New paper on Scalable Memory Interconnects for DNN Accelerators to appear at FPL 2018

A new paper, co-authored with Yongming Shen, Tianchu Ji, and Mike Ferdman has been accepted to appear at FPL2018.

A preprint is available here, and an extended version is available on arXiv.

Abstract—To cope with the increasing demand and computational intensity of deep neural networks (DNNs), industry and academia have turned to accelerator technologies. In particular, FPGAs have been shown to provide a good balance between performance and energy efficiency for accelerating DNNs. While significant research has focused on how to build efficient layer processors, the computational building blocks of DNN accelerators, relatively little attention has been paid to the on-chip interconnects that sit between the layer processors and the FPGA’s DRAM controller.

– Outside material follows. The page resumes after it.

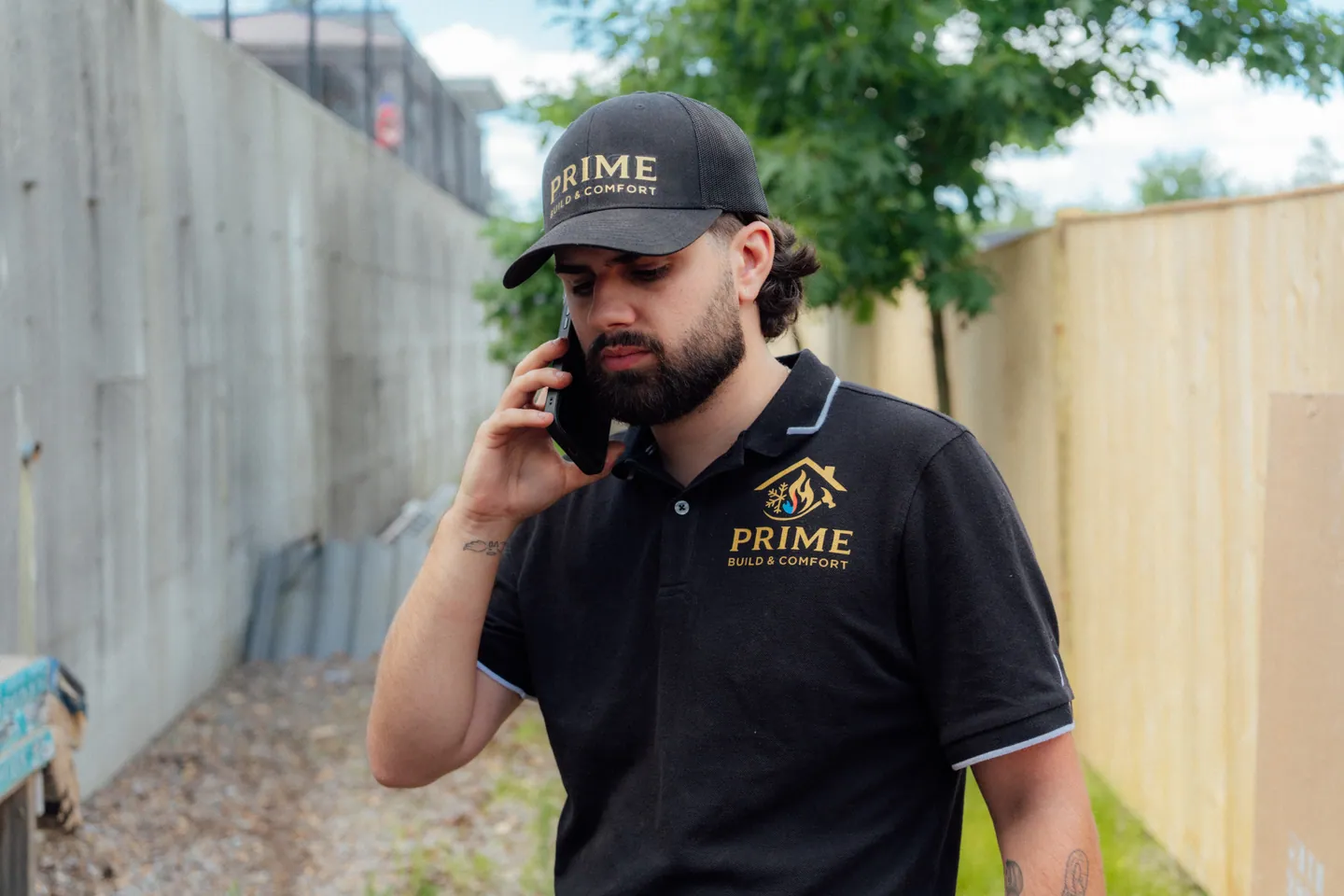 A Prime team member on the phone with a customer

We observe a disparity between DNN accelerator interfaces, which tend to comprise many narrow ports, and FPGA DRAM controller interfaces, which tend to be wide buses. This mismatch causes traditional interconnects to consume significant FPGA resources. To address this problem, we designed Medusa: an optimized FPGA memory interconnect which transposes data in the interconnect fabric, tailoring the interconnect to the needs of DNN layer processors. Compared to a traditional FPGA interconnect, our design can reduce LUT and FF use by 4.7x and 6.0x, and improves frequency by 1.8x.

Citation: Yongming Shen, Tianchu Ji, Michael Ferdman, and Peter Milder. “Medusa: A Scalable Memory Interconnect for Many-Port DNN Accelerators and Wide DRAM Controller Interfaces.” To appear at the 28th International Conference on Field Programmable Logic and Applications (FPL), 2018.

 

This entry was posted on May 22, 2018.